The 34-year-old told Cycling Weekly: “The Fasted 500 is a fun cycling challenge which encourages Muslims to remain active during the month of Ramadan by sensibly cycling 500km over a period of about 30 days. 

"The inspiration stemmed from the sobering impact of the pandemic on BAME communities, of which Muslims form a substantial part.   Open-source data confirms that most of us aren’t getting enough exercise, and that goes for us Muslims too – whilst we don’t tend to drink or smoke, boy can we eat!  Augment that with many of us having predispositions to certain health conditions (e.g. diabetes) and we can begin to see why a targeted challenge of this sort is long overdue.  

“I’m chuffed and humbled to see this random idea garner so much traction and support.”

The Fasted 500 is inspired by Rapha’s now-famous Festive 500, a tough cycling challenge that sees riders complete 500km in the eight days between Christmas Eve and New Year’s Eve. 

(Picture: Fasted 500)

But rather than aim for another gruelling test on the bike, Nayani set up the Fasted 500 to people out on the bike in short spells, while overcoming the lethargy that comes from fasting for a month during Ramadan.

He said: “The challenge is primarily aimed at Muslims who observe the month of Ramadan which, in essence, involves those in good health abstaining from food and drink between the hours of sunrise and sunset for a period of 29 or 30 days.   

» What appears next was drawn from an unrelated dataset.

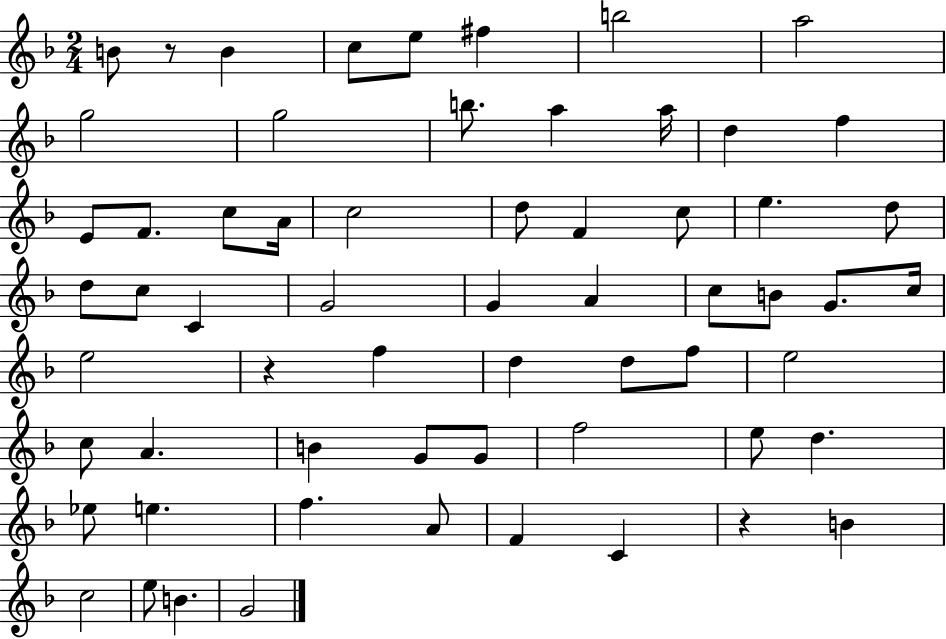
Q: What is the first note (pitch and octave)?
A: B4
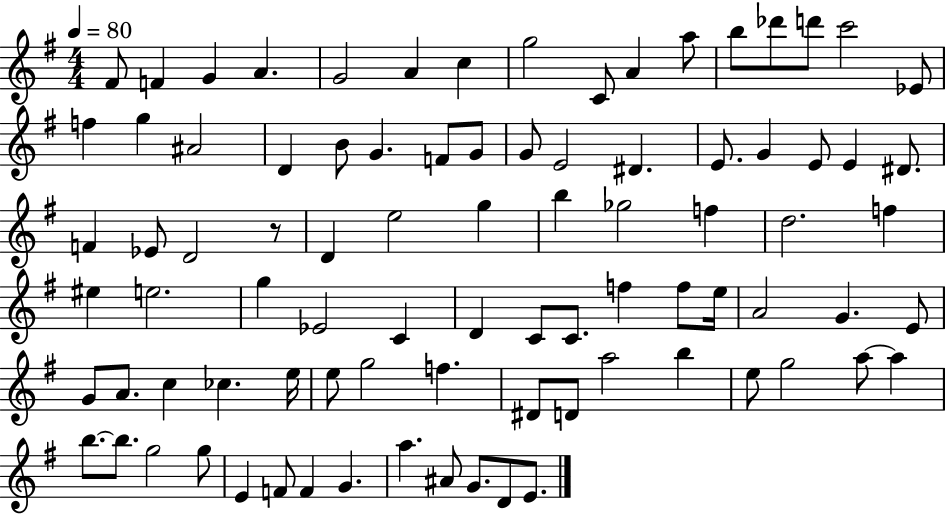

“Many Muslims have, for decades, been going about their daily lives whilst observing the month of Ramadan without much ado.  So whilst the thought of undertaking light exercise in a fasted state may be unappetising (excuse the pun) to some, it comes as nothing new to those of us familiar with Ramadan.” 

To complete the Fasted 500, riders need to compete 17km a day during the month of Ramadan, with finishers able to buy a commemorative roundel (“the universal language of cyclists”), with all profits going to the Cycling Sisters Bristol initiative, which encourages women to take up cycling. 

For those who don’t participate in Ramadan, you can still show your support by buying a Fasted 500 peloton print. 

To get involved, you can follow Fasted 500 on Instagram or visit the website. 

Nayani added: “The aim is for the challenge to be a catalyst for positive change and to encourage active lifestyles.”